Prenons cela comme l’harmonie complexe d’un accord, plaqué sous les doigts synchrones de l’instrumentiste : accordons-lui, accordons-nous la Miséricorde, accordons-nous SUR la miséricorde, de son œuvre – sur l’ambivalence de son impitoyable miséricorde.

Alors, de sa rhétorique – et de la cruauté consumée qu’elle met en œuvre de livre en livre, d’époque en époque ; de la tonalité cinglante qu’elle orchestre –, qui voudront bien suivront l’invite à passer à une considération conjointe, y impliquée, celle de l’atmosphérique : de quoi la lecture de François LARUELLE nous imprègne-t-elle ?

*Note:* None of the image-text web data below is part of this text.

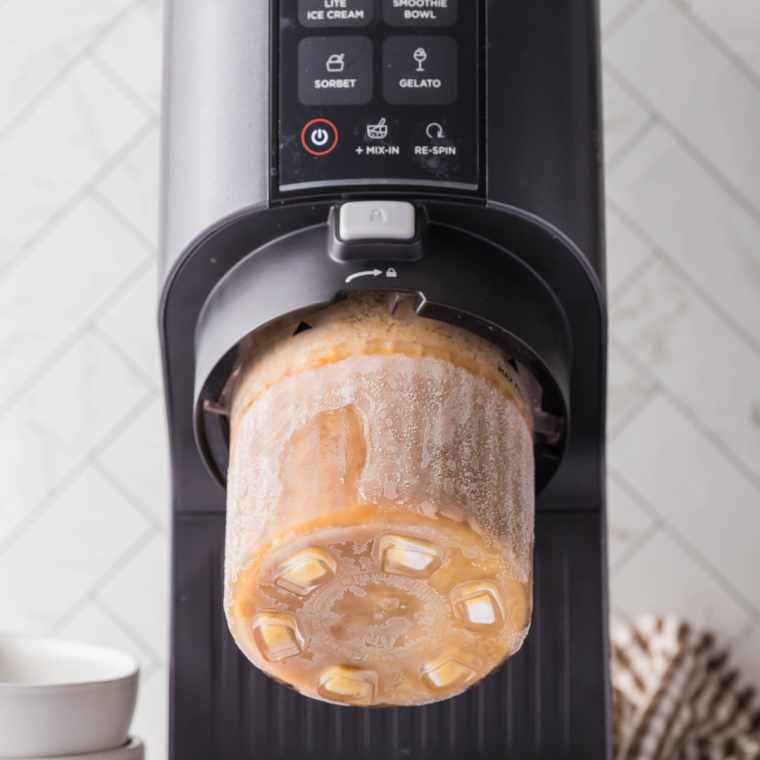 Remove frozen pint from freezer, insert into Ninja Creami, and process using 'Lite Ice Cream' mode.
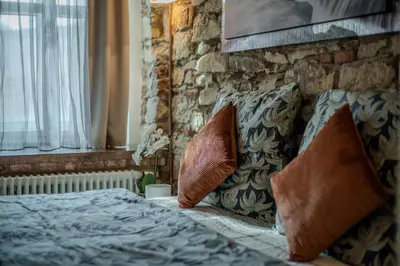 a bedroom with a bed with pillows and a stone wall at Centre Prague Retreat Residence in Prague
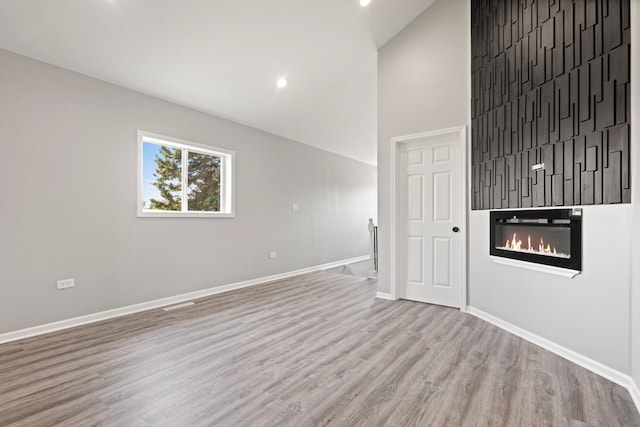 15355 7th Ave, Phoenix, IL 60426 - empty room with wood finished floors, a glass covered fireplace, high vaulted ceiling, and recessed lighting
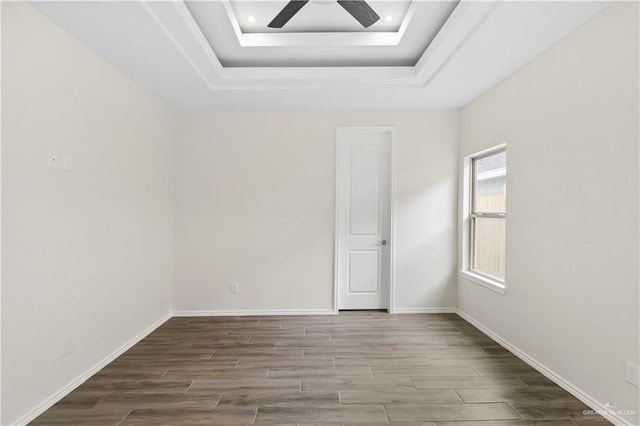 3317 Yellowhammer Ave, Mcallen, TX 78504 - spare room featuring a ceiling fan, wood finished floors, a tray ceiling, recessed lighting, and baseboards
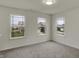 Bright bedroom with plush carpeting and ample natural light from a triple window setup overlooking the neighborhood at 8961 Fitzgerald Dr, Indianapolis, IN 46239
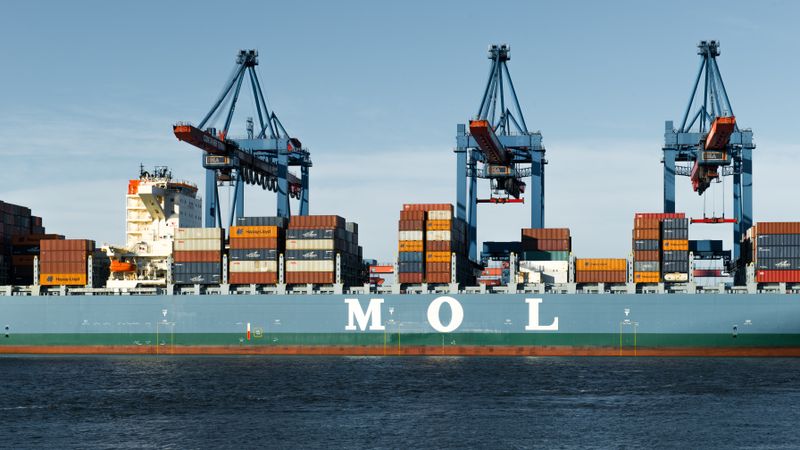 Container ship docked at a terminal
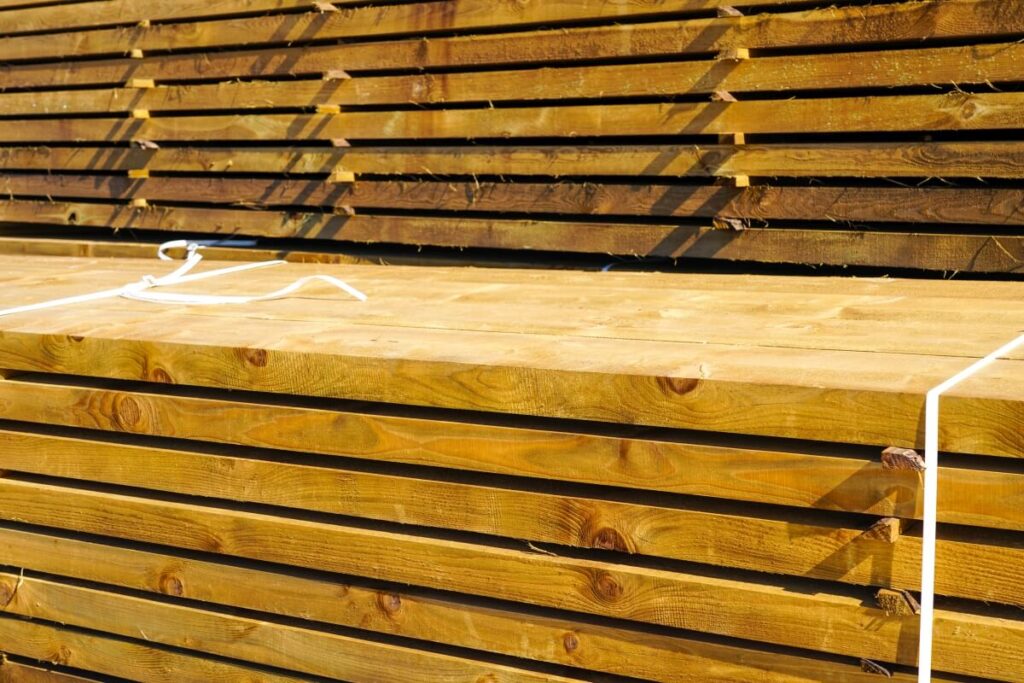 Stosy tarcicy impregnowanej ułożonej na placu składowym.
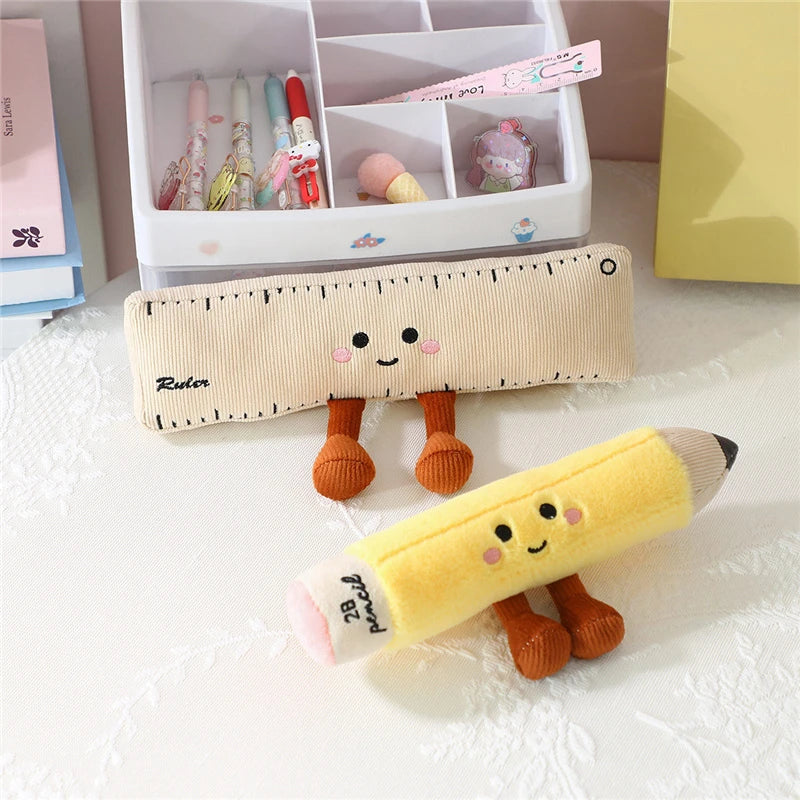 Kawaii plush ruler and pencil with cartoon faces on a white surface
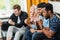 Group of friends watching television at home together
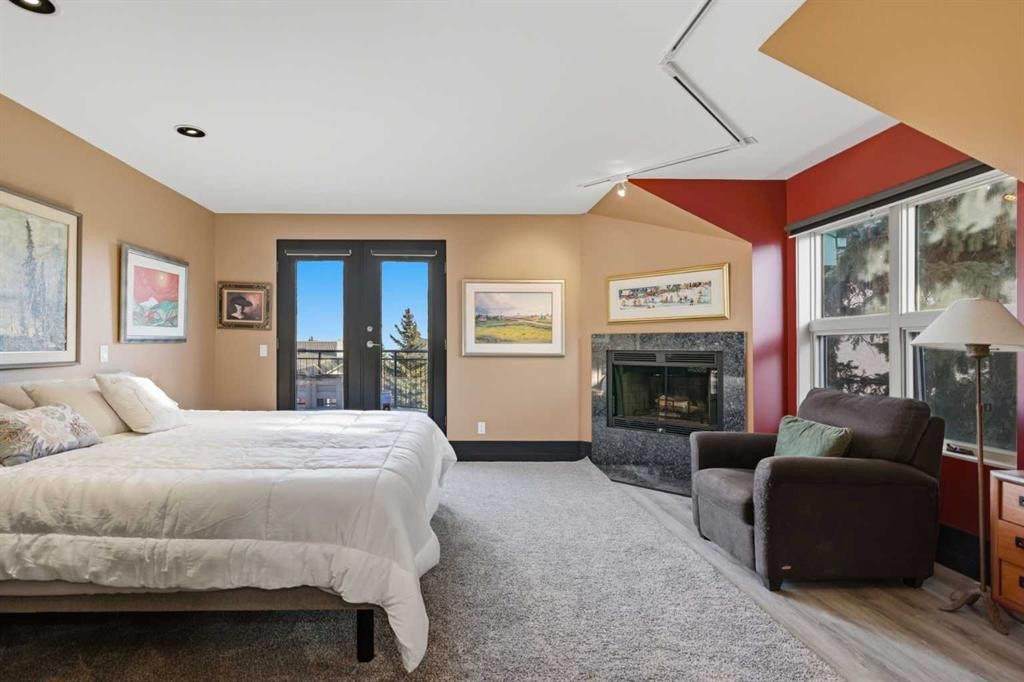 64 Patterson Mews Sw, Calgary, AB - Indoor Photo Showing Bedroom With Fireplace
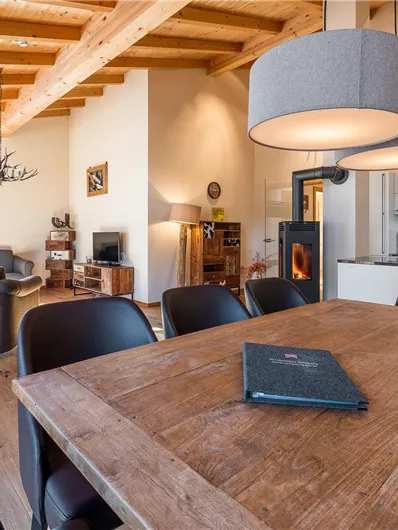 A modern living room with wooden ceilings and generous windows. A wooden dining table is the centerpiece, surrounded by black chairs.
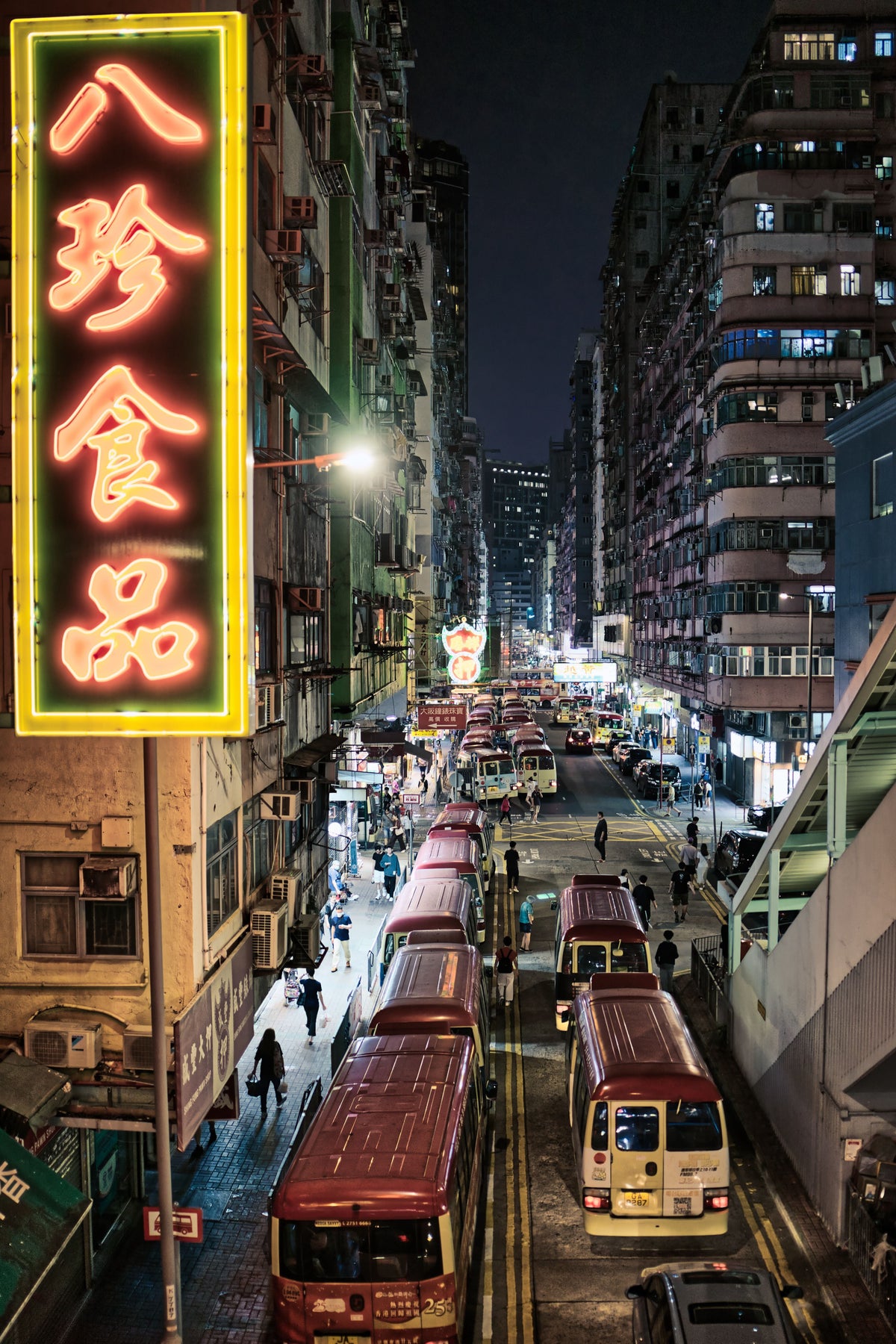 A bustling Hong Kong street at night with layered neon signs and traffic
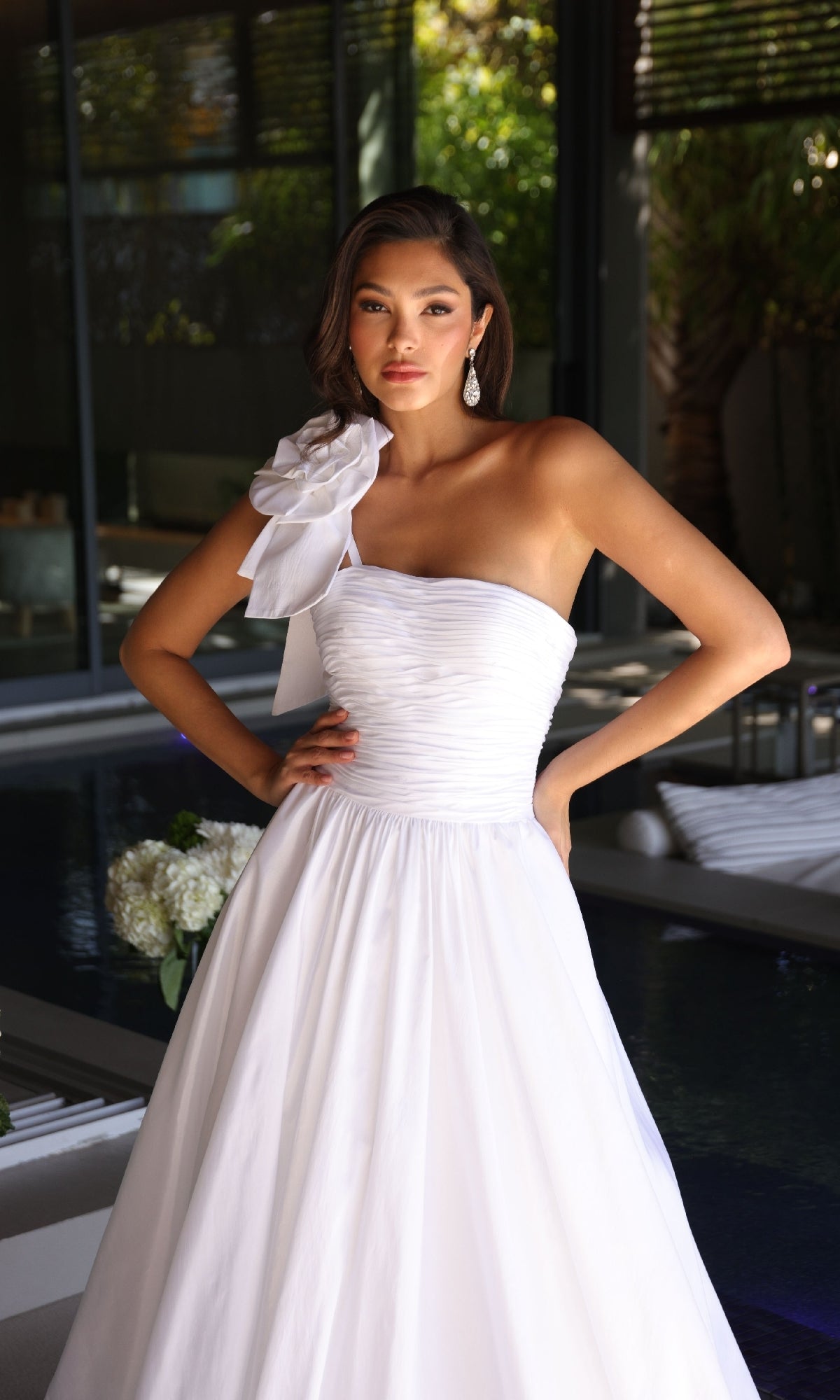 A woman stands indoors with hands on hips, wearing the Ava Presley 26524 long prom dress—a white, one-shoulder gown featuring a large shoulder bow and timeless elegance.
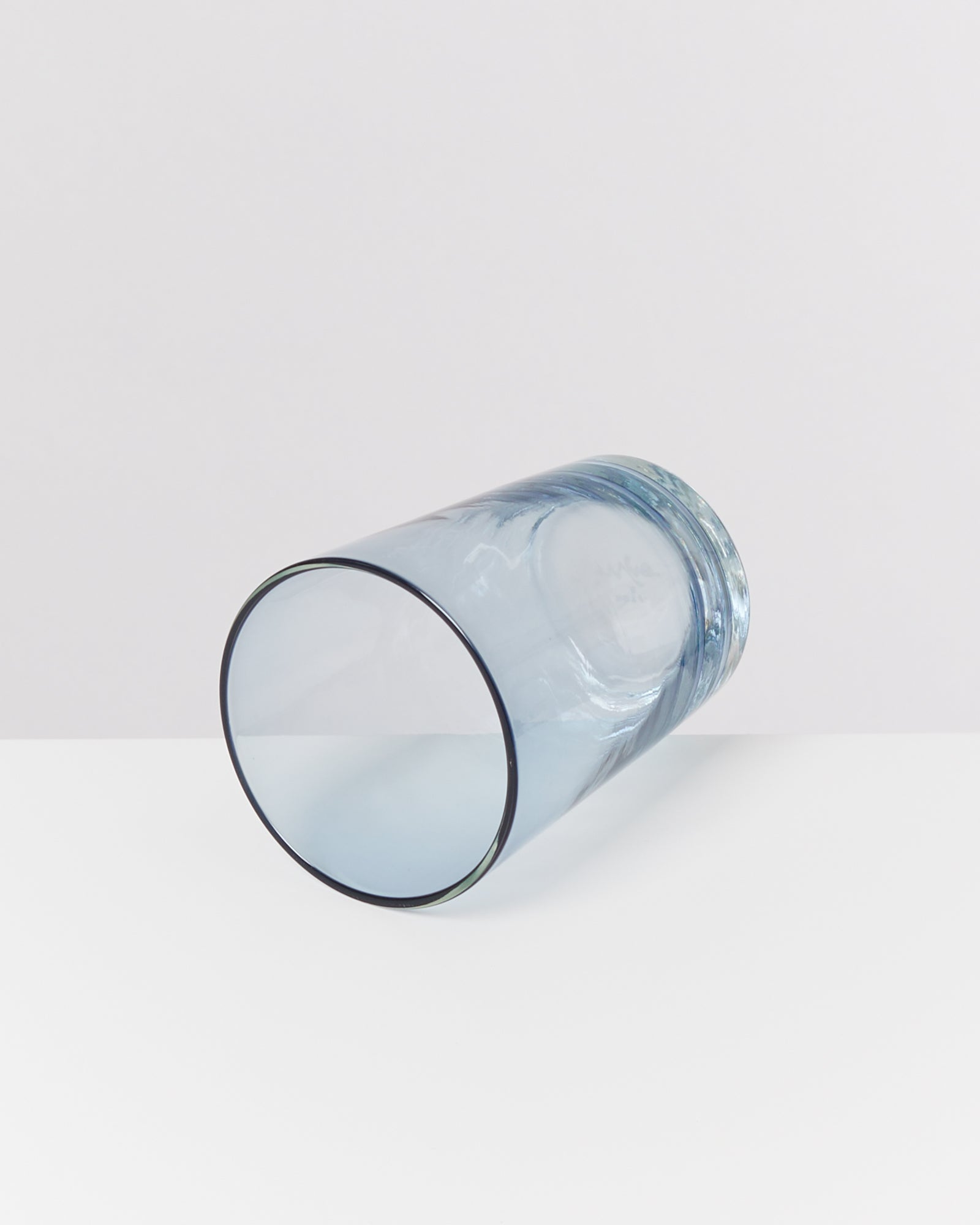 Blaues Glas liegt auf der Seite auf einem weißen Hintergrund.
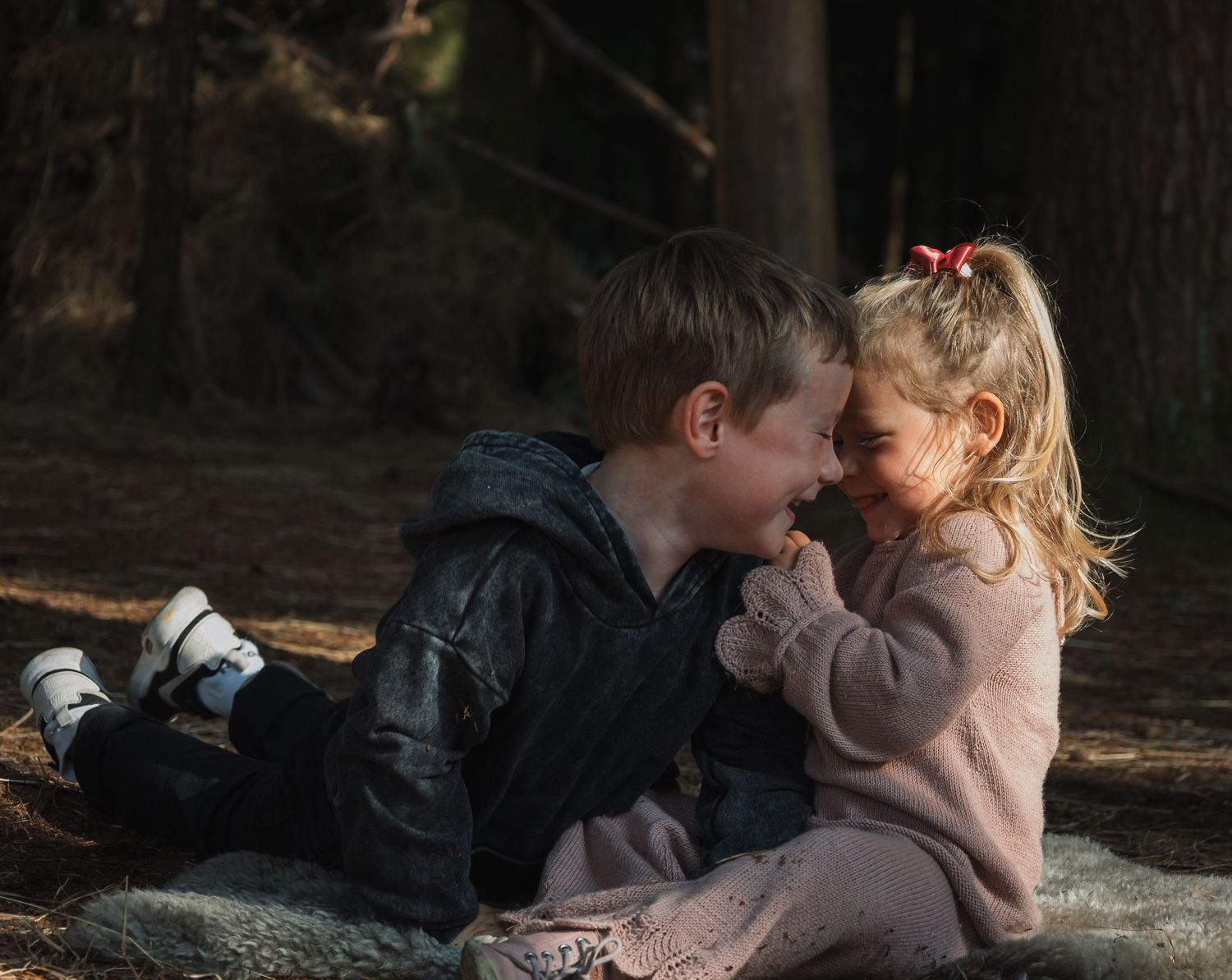 Intimate and playful moment captured between two siblings in a dark forest setting.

Et sur ce passage, pour la pensée, de traits spécifiques et formels qui constitueraient d’une œuvre son adresse – sa voix –, à la saisie abyssale, intentionnelle ET rétro-référentielle, de son ambiance, de sa Stimmung ou de sa thymie, c’est-à-dire de la massivité charnelle, viscérale, d’où prétend par stabilisation s’arracher sa surface d’énoncé, l’EUROPANALYSE peut certes, à qui voudra bien, avoir intensément à dire, avoir à révéler.

CONDITION ZÉRO

JAN 25

François LARUELLE
1937-2024

Il semble qu’on ne puisse sortir de rien.

Émerger d’un état transitoire de l’intelligence à la mode,
se dégager de la saturation massive des réseaux de diffusion, saillir du désintérêt larvé auquel ne peut que nous renvoyer l’affairement de chacun à ses anxiétés, ou au panache de ses dernières souverainetés essoufflées, est-ce encore autre chose qu’une reconnaissance scolaire idéalisée en monde, ou que la quête d’une grâce qui s’identifierait à l’une ou l’autre de nos décisions?